_Task statement_. The full set of lines below has to be duplicated exactly, with no picture kept.

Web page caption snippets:

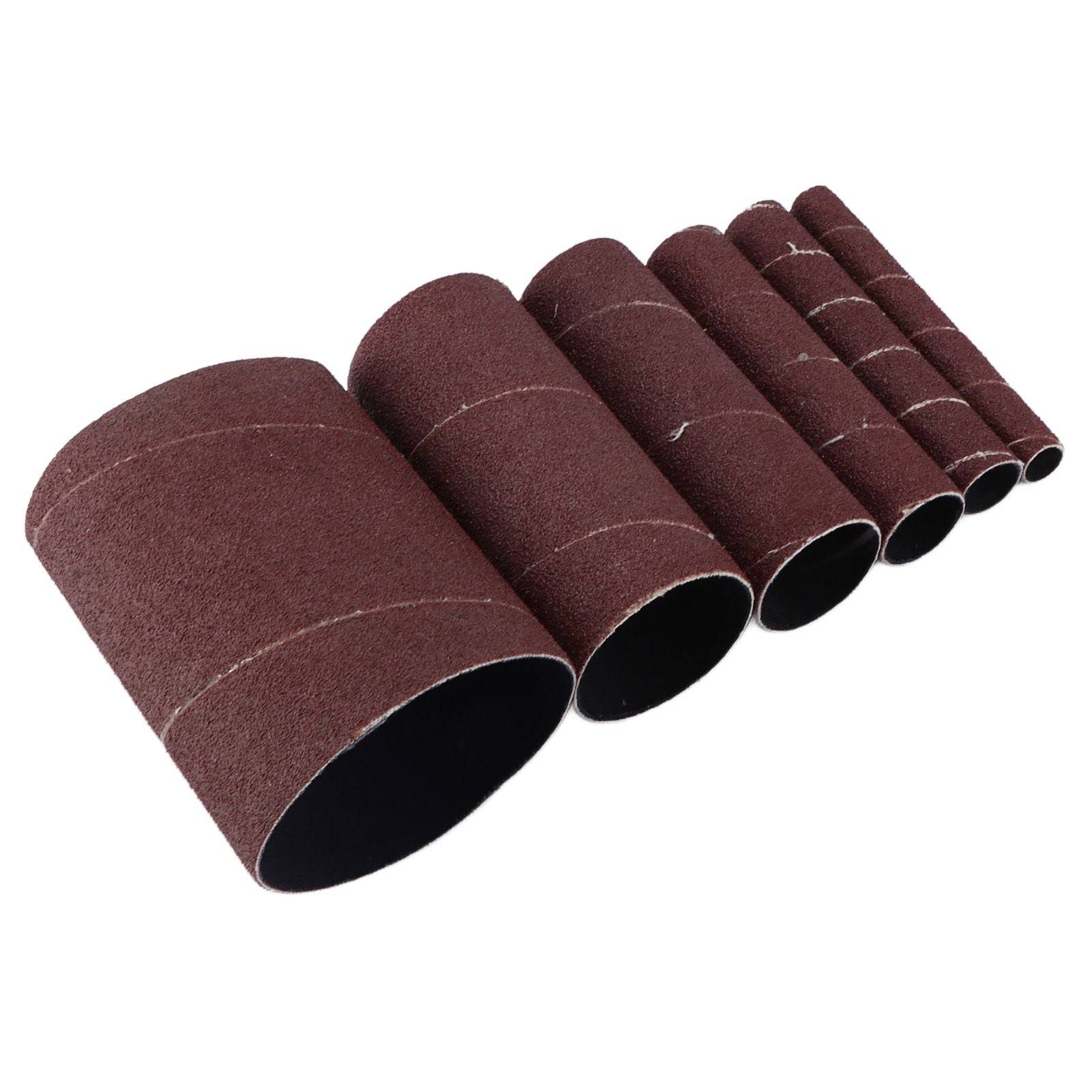 6Pcs Sandpaper Ring Sandpaper Roll Sanding Sleeves Wood Sanding Metal Rust Removing for Electric Grinder V1294-YM0523-3114210137011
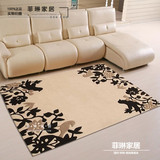 定制中式简欧式进口纯羊毛 卧室客厅沙发茶几定做炕榻床田园地毯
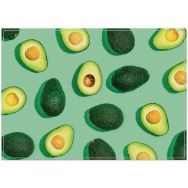 Lot de 6 Sets De Table Avocat Vert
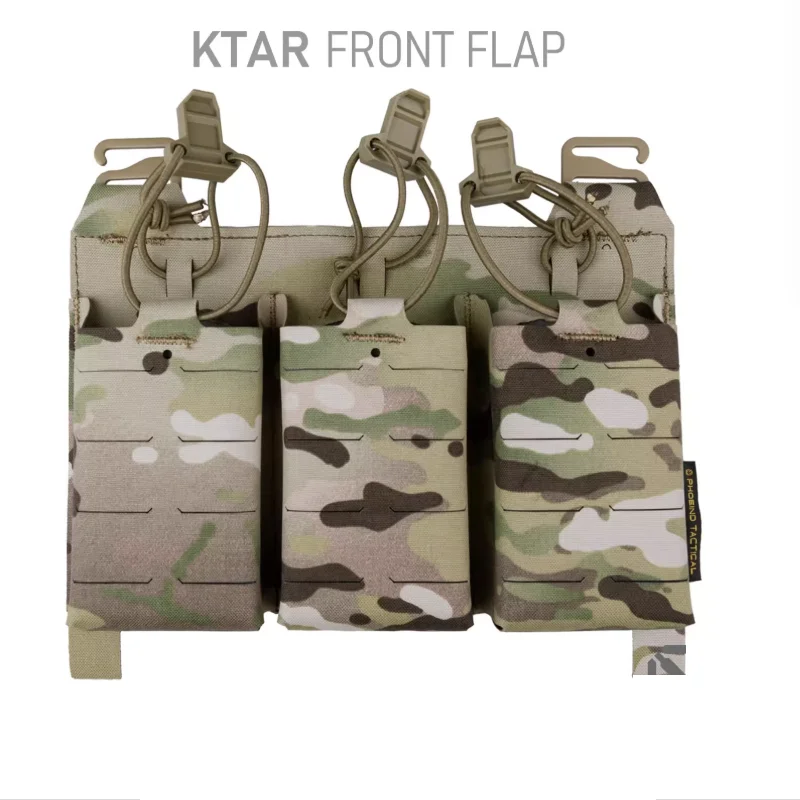 MC MCAP WG Deportes al aire libre FCSK FERRO Bolsa triple para revistas con corte láser - imagen 2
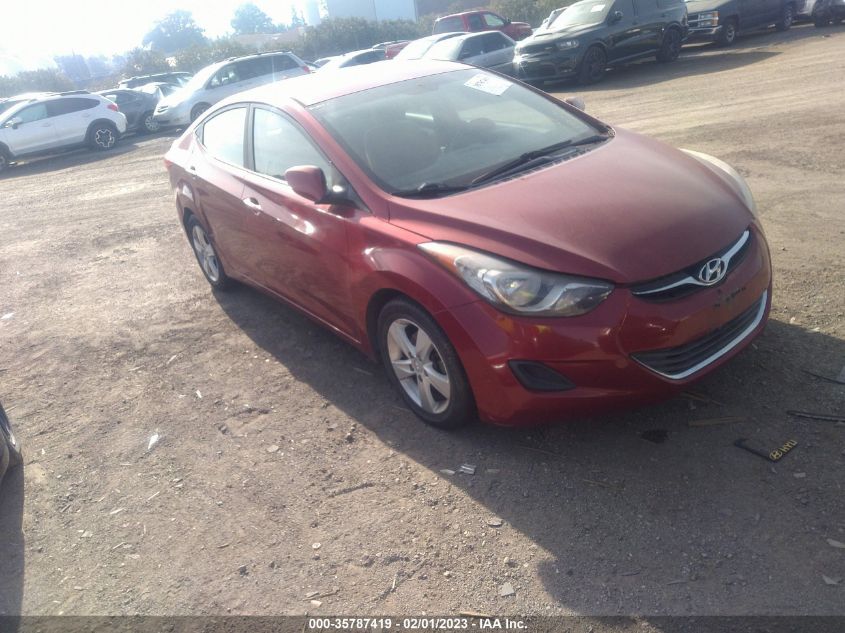 2013 HYUNDAI ELANTRA GLS PZEV - 5NPDH4AE1DH322442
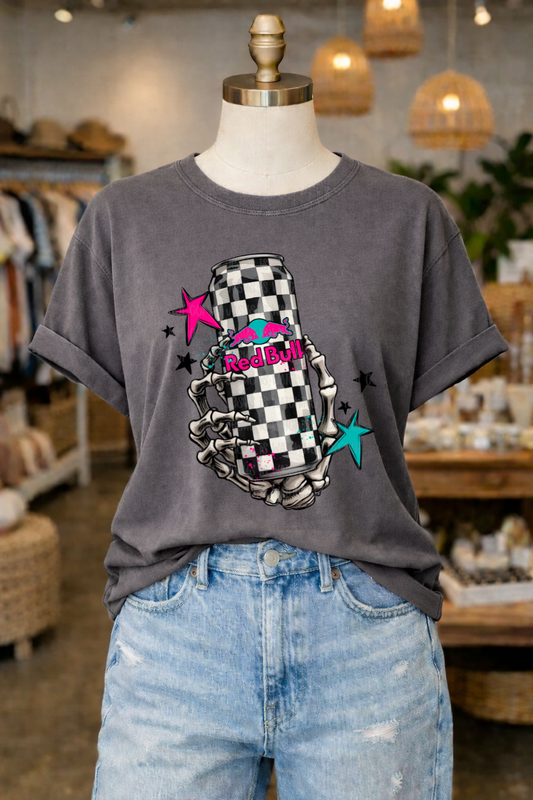 Checkered Red Bull Skellie Hand 08875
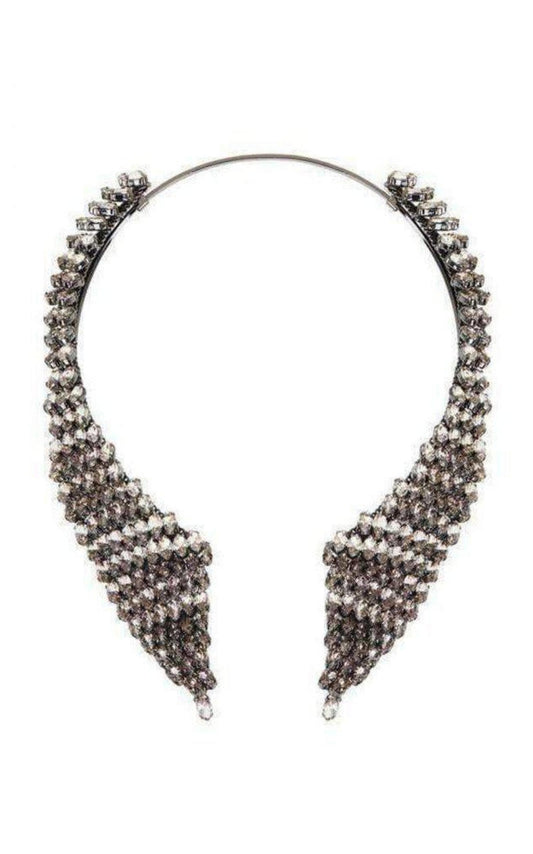 Smoke Stone Collar Necklace BCBGMAXAZRIA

_Solution to this exercise_.
 6Pcs Sandpaper Ring Sandpaper Roll Sanding Sleeves Wood Sanding Metal Rust Removing for Electric Grinder V1294-YM0523-3114210137011
 定制中式简欧式进口纯羊毛 卧室客厅沙发茶几定做炕榻床田园地毯
 Lot de 6 Sets De Table Avocat Vert
 MC MCAP WG Deportes al aire libre FCSK FERRO Bolsa triple para revistas con corte láser - imagen 2
 2013 HYUNDAI ELANTRA GLS PZEV - 5NPDH4AE1DH322442
 Checkered Red Bull Skellie Hand 08875
 Smoke Stone Collar Necklace BCBGMAXAZRIA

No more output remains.